→ EXERCISE DETAILS
What follows is a set of records; give them all back exactly.

* * *

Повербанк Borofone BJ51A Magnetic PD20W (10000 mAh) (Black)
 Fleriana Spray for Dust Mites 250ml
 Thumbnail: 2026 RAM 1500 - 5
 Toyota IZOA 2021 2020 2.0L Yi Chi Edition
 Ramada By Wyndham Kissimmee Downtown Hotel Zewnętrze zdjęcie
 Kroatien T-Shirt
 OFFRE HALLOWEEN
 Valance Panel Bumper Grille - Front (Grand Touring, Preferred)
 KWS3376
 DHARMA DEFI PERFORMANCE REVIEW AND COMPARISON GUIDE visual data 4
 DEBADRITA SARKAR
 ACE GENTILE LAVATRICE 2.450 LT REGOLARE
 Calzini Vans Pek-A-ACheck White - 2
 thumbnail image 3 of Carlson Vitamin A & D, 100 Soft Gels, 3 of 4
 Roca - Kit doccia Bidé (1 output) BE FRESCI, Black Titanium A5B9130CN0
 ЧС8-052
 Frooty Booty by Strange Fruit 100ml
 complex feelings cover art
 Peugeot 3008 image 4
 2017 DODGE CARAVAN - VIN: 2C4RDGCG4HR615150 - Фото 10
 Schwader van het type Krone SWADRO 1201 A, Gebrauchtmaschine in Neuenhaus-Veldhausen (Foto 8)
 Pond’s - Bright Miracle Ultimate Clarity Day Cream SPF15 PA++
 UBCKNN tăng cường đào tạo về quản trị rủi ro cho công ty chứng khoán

* * *

→ ANSWER TO THE EXERCISE
Повербанк Borofone BJ51A Magnetic PD20W (10000 mAh) (Black)
 Fleriana Spray for Dust Mites 250ml
 Thumbnail: 2026 RAM 1500 - 5
 Toyota IZOA 2021 2020 2.0L Yi Chi Edition
 Ramada By Wyndham Kissimmee Downtown Hotel Zewnętrze zdjęcie
 Kroatien T-Shirt
 OFFRE HALLOWEEN
 Valance Panel Bumper Grille - Front (Grand Touring, Preferred)
 KWS3376
 DHARMA DEFI PERFORMANCE REVIEW AND COMPARISON GUIDE visual data 4
 DEBADRITA SARKAR
 ACE GENTILE LAVATRICE 2.450 LT REGOLARE
 Calzini Vans Pek-A-ACheck White - 2
 thumbnail image 3 of Carlson Vitamin A & D, 100 Soft Gels, 3 of 4
 Roca - Kit doccia Bidé (1 output) BE FRESCI, Black Titanium A5B9130CN0
 ЧС8-052
 Frooty Booty by Strange Fruit 100ml
 complex feelings cover art
 Peugeot 3008 image 4
 2017 DODGE CARAVAN - VIN: 2C4RDGCG4HR615150 - Фото 10
 Schwader van het type Krone SWADRO 1201 A, Gebrauchtmaschine in Neuenhaus-Veldhausen (Foto 8)
 Pond’s - Bright Miracle Ultimate Clarity Day Cream SPF15 PA++
 UBCKNN tăng cường đào tạo về quản trị rủi ro cho công ty chứng khoán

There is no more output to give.